*** Opening Data shown ***

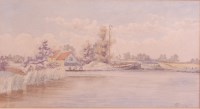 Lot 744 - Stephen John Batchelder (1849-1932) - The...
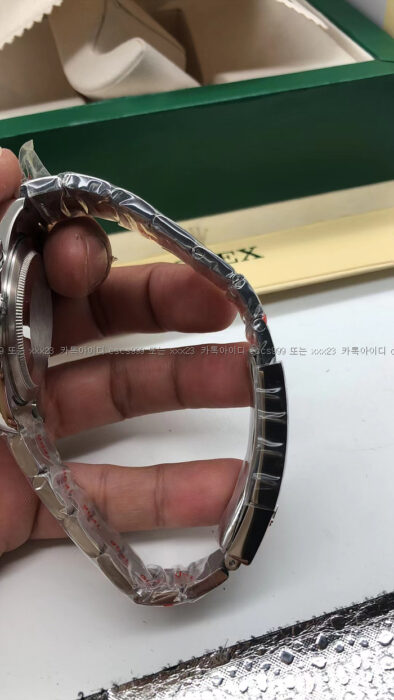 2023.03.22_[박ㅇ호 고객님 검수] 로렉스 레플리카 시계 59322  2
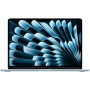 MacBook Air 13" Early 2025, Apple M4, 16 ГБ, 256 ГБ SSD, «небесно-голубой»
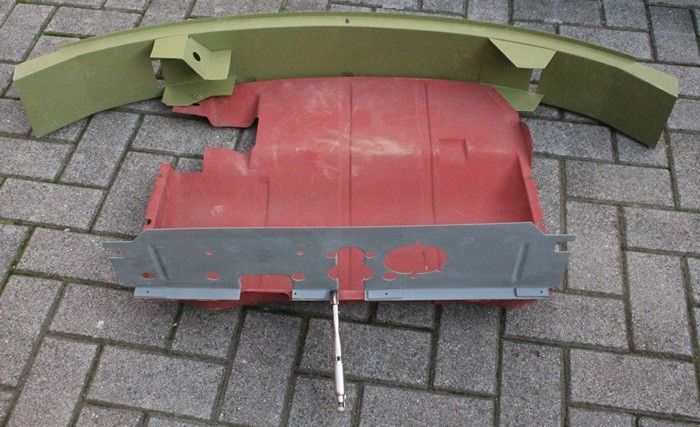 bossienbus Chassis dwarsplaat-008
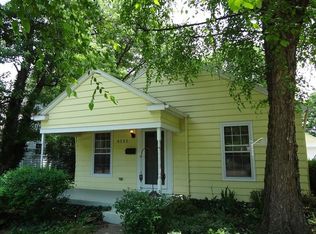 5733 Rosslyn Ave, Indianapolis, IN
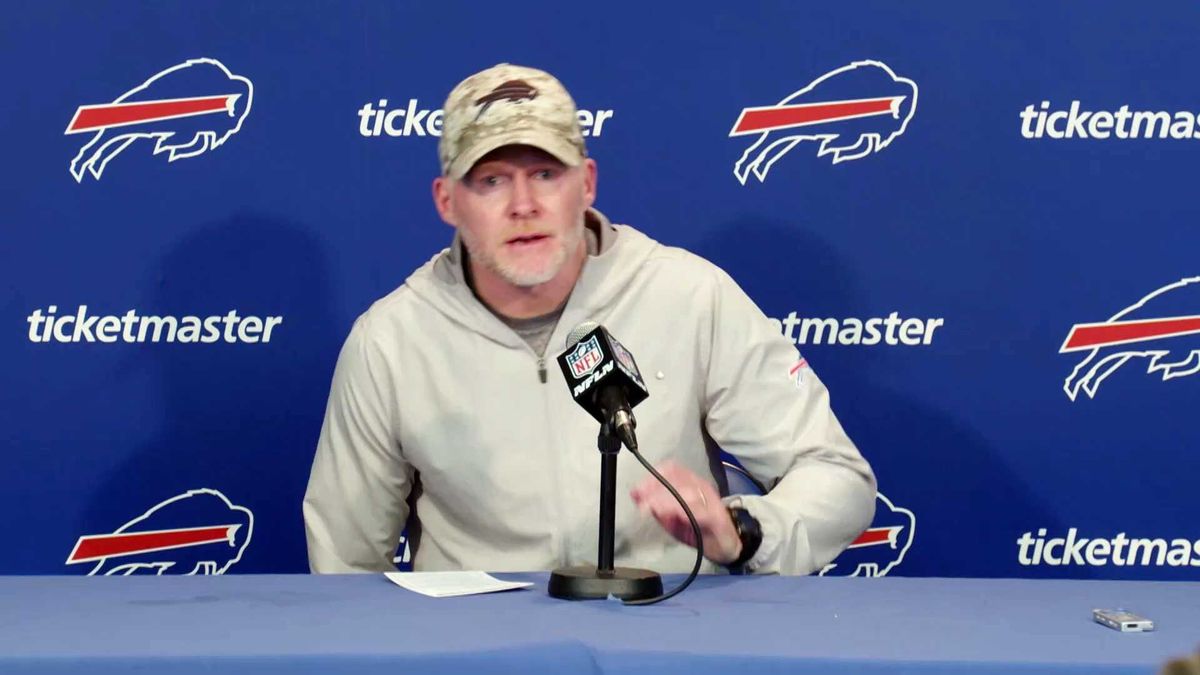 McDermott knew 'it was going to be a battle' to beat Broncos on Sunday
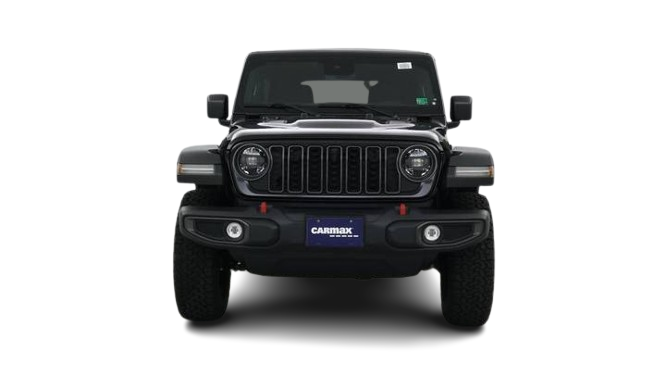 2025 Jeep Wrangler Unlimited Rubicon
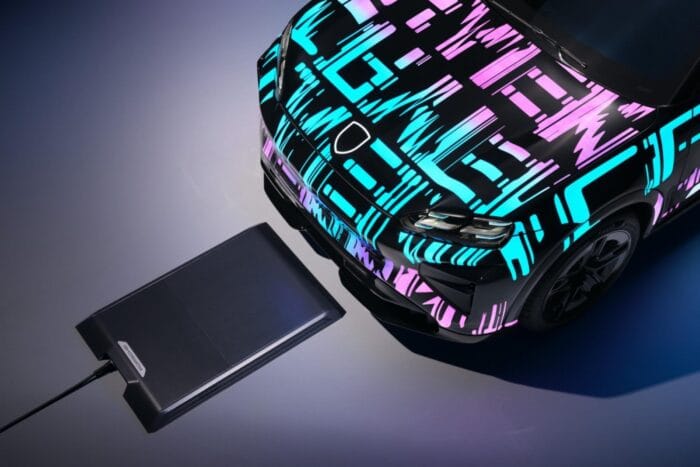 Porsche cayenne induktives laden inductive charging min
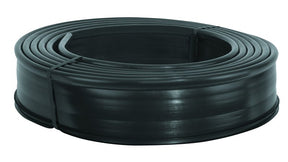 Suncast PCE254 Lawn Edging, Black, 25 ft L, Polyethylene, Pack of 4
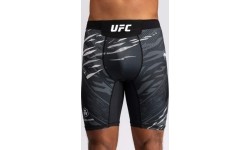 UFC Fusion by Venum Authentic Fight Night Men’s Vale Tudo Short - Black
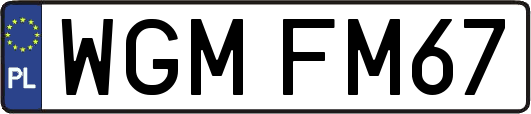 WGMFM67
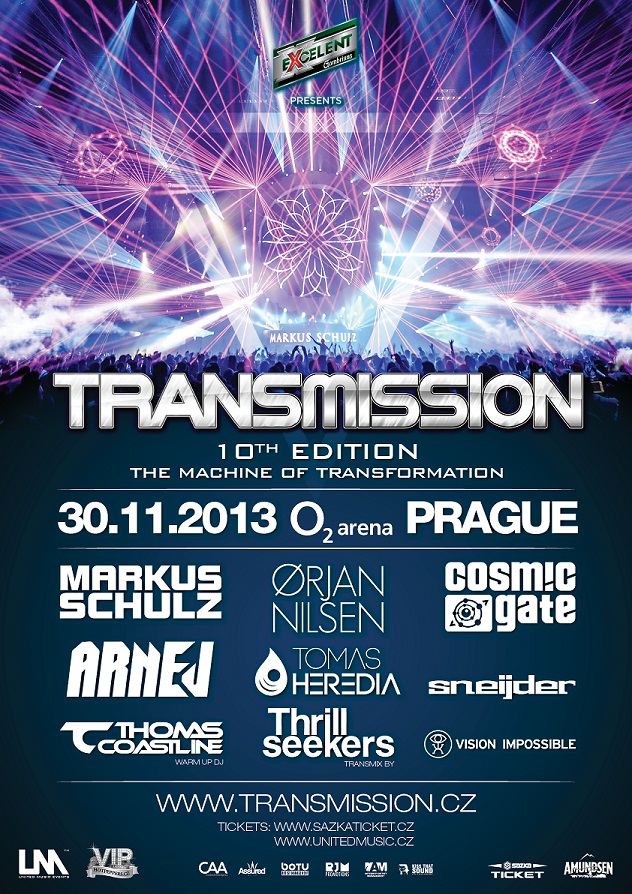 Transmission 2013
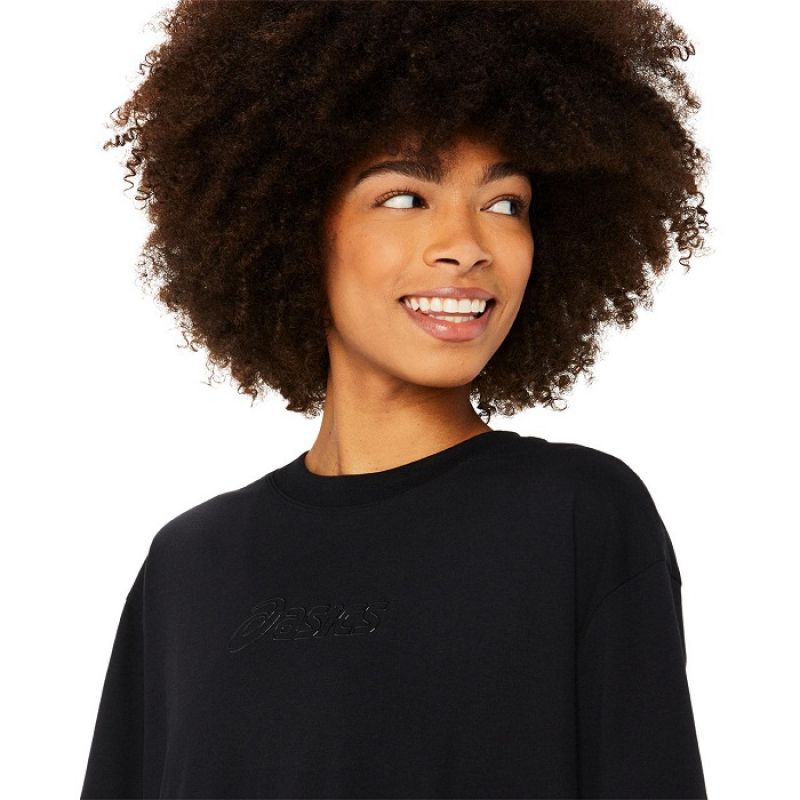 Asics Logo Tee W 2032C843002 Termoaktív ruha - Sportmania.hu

*** Closing Data shown ***

To do. Any picture in the listing above gets left out; output the rest exactly.

Expected output.
 Lot 744 - Stephen John Batchelder (1849-1932) - The...
 2023.03.22_[박ㅇ호 고객님 검수] 로렉스 레플리카 시계 59322  2
 MacBook Air 13" Early 2025, Apple M4, 16 ГБ, 256 ГБ SSD, «небесно-голубой»
 bossienbus Chassis dwarsplaat-008
 5733 Rosslyn Ave, Indianapolis, IN
 McDermott knew 'it was going to be a battle' to beat Broncos on Sunday
 2025 Jeep Wrangler Unlimited Rubicon
 Porsche cayenne induktives laden inductive charging min
 Suncast PCE254 Lawn Edging, Black, 25 ft L, Polyethylene, Pack of 4
 UFC Fusion by Venum Authentic Fight Night Men’s Vale Tudo Short - Black
 WGMFM67
 Transmission 2013
 Asics Logo Tee W 2032C843002 Termoaktív ruha - Sportmania.hu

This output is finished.